More than 40 years have passed since Hisham Matar saw an image on television that shocked him and that still continues to haunt his head today: a young man who had just been shot calling for his mother in a heartbreaking voice. He was one of the protesters who had attended a peaceful anti-Gaddafi rally in front of the Libyan embassy in London’s St. James’s Square. An encounter that broke up when someone started a shooting, believed to have been from within the embassy itself, and left several injured and a police officer, Yvonne Fletcher, dead. The square was evacuated and the embassy besieged by armed police for eleven days, until the Thatcher government allowed Libyan officials to leave the country.

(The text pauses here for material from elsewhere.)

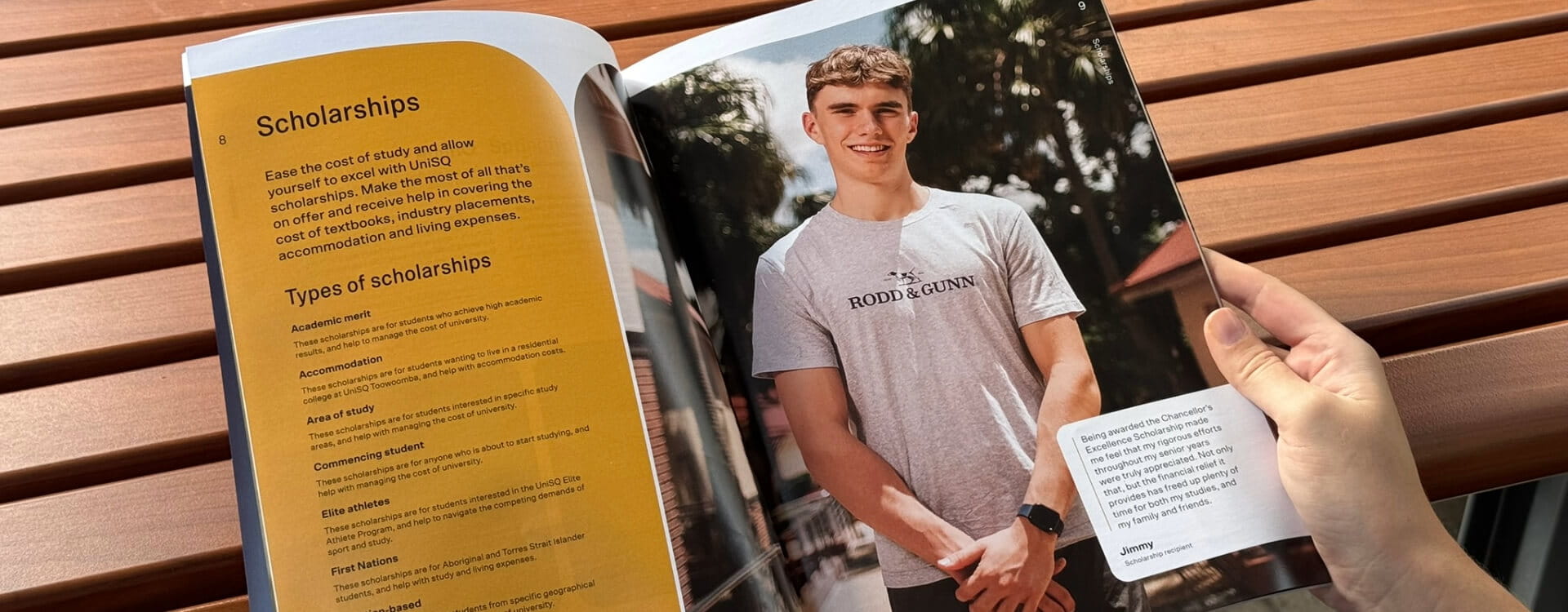 Person holding a magazine open to a page featuring scholarship information on the left and a photo of a smiling young man in a t-shirt on the right.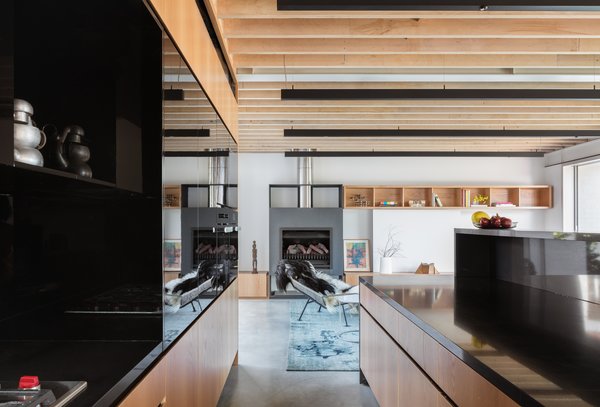 Continuously run wood slats visually connect the open living spaces while adding a warm, textural component. Black linear pendants are a contemporary way of introducing overhead light.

“The boy was writhing on the ground. He was wearing a balaclava so as not to be identified by the Libyan government and avoid consequences. In fact, everyone had their faces covered. He was going to be somewhat tense, yes, although calm. But chaos broke out,” recalls the writer, who is visiting Barcelona these days to present his novel, Los Amigos de mi vida (Salamandra), which focuses part of his narrative on this attack.
He never imagined that seven years later he would meet that student, much less that he would end up becoming his friend. “It was in college. “I became friends with a boy older than me and, two or three years later, he confessed to me that he was that protester who appeared on television.” A reality that appears captured in his fiction although, he insists, “I am not Khaled, the protagonist, although we do have some things in common” such as, for example, that they are both Libyans and that for a time they were forced to change his identity for security reasons, “although the reasons were very different.”
Also that the two were students abroad and saw with their own eyes how their classmates were, in reality, spies. “Whenever the Government gave a scholarship to study abroad, the group was made up of the readers, who were the ones who were going to study, and the writers, who sent reports to the authorities about any anomaly they found. Of the latter, there were always two or three in each group and this is because all authoritarian regimes are obsessed with knowing what their citizens think. “Dictators are nothing more than jealous lovers.”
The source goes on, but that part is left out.